Your task —
Once the line with "Renovated with move in condition" is found in the entries below, repeat it and each following line exactly, up to and including the line with "Star Struck 1994 official movie poster". Add no other lines.

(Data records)
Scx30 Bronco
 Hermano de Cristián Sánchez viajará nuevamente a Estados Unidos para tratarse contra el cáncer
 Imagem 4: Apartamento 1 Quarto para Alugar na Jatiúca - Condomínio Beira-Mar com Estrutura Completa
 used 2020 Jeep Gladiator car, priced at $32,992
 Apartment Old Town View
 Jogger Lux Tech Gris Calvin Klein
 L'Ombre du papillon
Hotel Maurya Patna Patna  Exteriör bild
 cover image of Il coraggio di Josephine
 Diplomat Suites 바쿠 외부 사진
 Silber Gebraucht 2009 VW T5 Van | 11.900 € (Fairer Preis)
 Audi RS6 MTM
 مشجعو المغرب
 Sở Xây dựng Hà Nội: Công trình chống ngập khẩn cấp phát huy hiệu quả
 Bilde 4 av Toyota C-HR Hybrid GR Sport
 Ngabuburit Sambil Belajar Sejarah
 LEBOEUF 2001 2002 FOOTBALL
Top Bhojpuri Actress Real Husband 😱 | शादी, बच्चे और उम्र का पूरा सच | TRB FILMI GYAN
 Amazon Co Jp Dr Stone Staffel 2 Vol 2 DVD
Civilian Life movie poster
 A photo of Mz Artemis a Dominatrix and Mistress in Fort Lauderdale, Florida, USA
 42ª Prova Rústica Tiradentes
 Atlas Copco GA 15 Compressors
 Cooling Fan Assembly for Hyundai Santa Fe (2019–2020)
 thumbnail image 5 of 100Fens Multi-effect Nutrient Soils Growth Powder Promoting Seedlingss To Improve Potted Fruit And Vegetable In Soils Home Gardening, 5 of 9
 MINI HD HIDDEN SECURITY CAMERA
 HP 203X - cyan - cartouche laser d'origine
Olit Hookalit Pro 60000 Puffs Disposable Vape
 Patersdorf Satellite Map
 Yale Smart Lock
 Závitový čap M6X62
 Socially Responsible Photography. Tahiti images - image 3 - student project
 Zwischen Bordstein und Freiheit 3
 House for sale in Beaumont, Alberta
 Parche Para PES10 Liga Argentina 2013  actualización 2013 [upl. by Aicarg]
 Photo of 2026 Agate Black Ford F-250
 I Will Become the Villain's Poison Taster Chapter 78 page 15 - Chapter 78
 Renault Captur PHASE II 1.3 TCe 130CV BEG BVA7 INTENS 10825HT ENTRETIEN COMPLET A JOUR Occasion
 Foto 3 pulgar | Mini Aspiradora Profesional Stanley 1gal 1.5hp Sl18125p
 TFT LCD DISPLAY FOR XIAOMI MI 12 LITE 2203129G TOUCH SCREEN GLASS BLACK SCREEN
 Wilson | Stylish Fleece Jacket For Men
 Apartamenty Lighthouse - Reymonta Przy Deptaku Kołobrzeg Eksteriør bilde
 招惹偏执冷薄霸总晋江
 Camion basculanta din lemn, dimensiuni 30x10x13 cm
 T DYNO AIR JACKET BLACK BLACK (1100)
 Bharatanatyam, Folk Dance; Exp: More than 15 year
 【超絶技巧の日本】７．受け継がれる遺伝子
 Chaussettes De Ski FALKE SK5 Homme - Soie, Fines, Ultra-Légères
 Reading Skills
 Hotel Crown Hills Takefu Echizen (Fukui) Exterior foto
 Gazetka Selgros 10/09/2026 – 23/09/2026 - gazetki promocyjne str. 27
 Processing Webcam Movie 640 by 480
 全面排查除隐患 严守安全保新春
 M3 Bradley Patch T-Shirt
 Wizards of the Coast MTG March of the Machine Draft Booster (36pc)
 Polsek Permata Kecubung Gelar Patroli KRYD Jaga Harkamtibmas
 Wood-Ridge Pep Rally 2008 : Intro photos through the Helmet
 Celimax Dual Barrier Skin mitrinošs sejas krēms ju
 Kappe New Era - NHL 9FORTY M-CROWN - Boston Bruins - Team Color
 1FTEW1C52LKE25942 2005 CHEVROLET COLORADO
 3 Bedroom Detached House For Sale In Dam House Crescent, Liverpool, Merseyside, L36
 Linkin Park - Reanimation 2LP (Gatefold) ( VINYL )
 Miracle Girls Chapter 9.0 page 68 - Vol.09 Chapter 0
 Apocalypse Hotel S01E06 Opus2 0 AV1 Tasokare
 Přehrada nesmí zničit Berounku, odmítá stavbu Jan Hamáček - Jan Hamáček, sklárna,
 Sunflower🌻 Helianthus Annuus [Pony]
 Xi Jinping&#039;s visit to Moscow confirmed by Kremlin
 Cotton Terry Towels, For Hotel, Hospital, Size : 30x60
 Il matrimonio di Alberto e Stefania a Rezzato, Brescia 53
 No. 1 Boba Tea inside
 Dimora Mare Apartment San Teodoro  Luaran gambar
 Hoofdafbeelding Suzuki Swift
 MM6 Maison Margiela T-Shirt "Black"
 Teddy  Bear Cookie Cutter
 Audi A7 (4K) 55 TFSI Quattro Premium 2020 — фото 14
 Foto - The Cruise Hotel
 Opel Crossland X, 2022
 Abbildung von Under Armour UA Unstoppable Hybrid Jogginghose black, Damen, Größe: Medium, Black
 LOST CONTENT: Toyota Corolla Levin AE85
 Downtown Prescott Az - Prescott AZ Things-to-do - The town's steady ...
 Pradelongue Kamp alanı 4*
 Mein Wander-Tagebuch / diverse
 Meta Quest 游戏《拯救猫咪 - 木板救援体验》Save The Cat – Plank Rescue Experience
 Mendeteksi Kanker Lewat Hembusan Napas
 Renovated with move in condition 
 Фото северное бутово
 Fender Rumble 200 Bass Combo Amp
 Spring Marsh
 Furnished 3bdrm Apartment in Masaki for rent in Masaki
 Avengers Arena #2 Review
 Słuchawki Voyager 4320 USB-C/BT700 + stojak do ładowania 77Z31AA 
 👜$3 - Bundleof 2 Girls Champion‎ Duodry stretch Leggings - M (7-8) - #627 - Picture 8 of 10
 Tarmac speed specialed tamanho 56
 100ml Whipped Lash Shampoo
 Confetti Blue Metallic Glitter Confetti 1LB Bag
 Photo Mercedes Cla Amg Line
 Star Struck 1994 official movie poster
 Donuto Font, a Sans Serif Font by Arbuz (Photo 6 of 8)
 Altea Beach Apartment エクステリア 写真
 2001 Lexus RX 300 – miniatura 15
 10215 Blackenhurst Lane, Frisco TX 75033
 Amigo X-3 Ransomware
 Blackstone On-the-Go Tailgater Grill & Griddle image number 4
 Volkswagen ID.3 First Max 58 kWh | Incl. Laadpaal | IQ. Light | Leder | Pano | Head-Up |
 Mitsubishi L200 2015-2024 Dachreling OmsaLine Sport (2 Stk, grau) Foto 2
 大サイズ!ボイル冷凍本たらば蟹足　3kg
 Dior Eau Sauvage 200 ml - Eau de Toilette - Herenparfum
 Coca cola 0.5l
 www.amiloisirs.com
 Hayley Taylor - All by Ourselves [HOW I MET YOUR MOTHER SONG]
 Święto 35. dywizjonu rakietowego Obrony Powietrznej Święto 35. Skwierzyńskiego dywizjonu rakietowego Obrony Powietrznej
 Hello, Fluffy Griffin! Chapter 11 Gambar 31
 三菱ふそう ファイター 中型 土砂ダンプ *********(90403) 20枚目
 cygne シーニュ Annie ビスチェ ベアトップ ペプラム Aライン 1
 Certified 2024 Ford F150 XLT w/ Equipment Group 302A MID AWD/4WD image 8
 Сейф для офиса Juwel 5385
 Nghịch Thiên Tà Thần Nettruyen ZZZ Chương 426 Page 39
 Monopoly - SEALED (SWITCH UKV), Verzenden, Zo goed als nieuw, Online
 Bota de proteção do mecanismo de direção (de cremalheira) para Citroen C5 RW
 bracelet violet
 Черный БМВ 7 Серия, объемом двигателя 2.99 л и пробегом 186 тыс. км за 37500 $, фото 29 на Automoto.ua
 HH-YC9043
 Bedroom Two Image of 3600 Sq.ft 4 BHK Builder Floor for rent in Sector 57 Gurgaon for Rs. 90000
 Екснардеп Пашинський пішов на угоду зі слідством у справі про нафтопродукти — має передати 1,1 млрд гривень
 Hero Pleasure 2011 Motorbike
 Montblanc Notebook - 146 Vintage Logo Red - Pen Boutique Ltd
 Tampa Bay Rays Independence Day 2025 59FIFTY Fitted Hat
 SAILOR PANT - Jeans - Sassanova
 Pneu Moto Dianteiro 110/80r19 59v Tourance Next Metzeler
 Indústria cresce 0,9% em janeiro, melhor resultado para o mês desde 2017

Expected answer —
 Renovated with move in condition 
 Фото северное бутово
 Fender Rumble 200 Bass Combo Amp
 Spring Marsh
 Furnished 3bdrm Apartment in Masaki for rent in Masaki
 Avengers Arena #2 Review
 Słuchawki Voyager 4320 USB-C/BT700 + stojak do ładowania 77Z31AA 
 👜$3 - Bundleof 2 Girls Champion‎ Duodry stretch Leggings - M (7-8) - #627 - Picture 8 of 10
 Tarmac speed specialed tamanho 56
 100ml Whipped Lash Shampoo
 Confetti Blue Metallic Glitter Confetti 1LB Bag
 Photo Mercedes Cla Amg Line
 Star Struck 1994 official movie poster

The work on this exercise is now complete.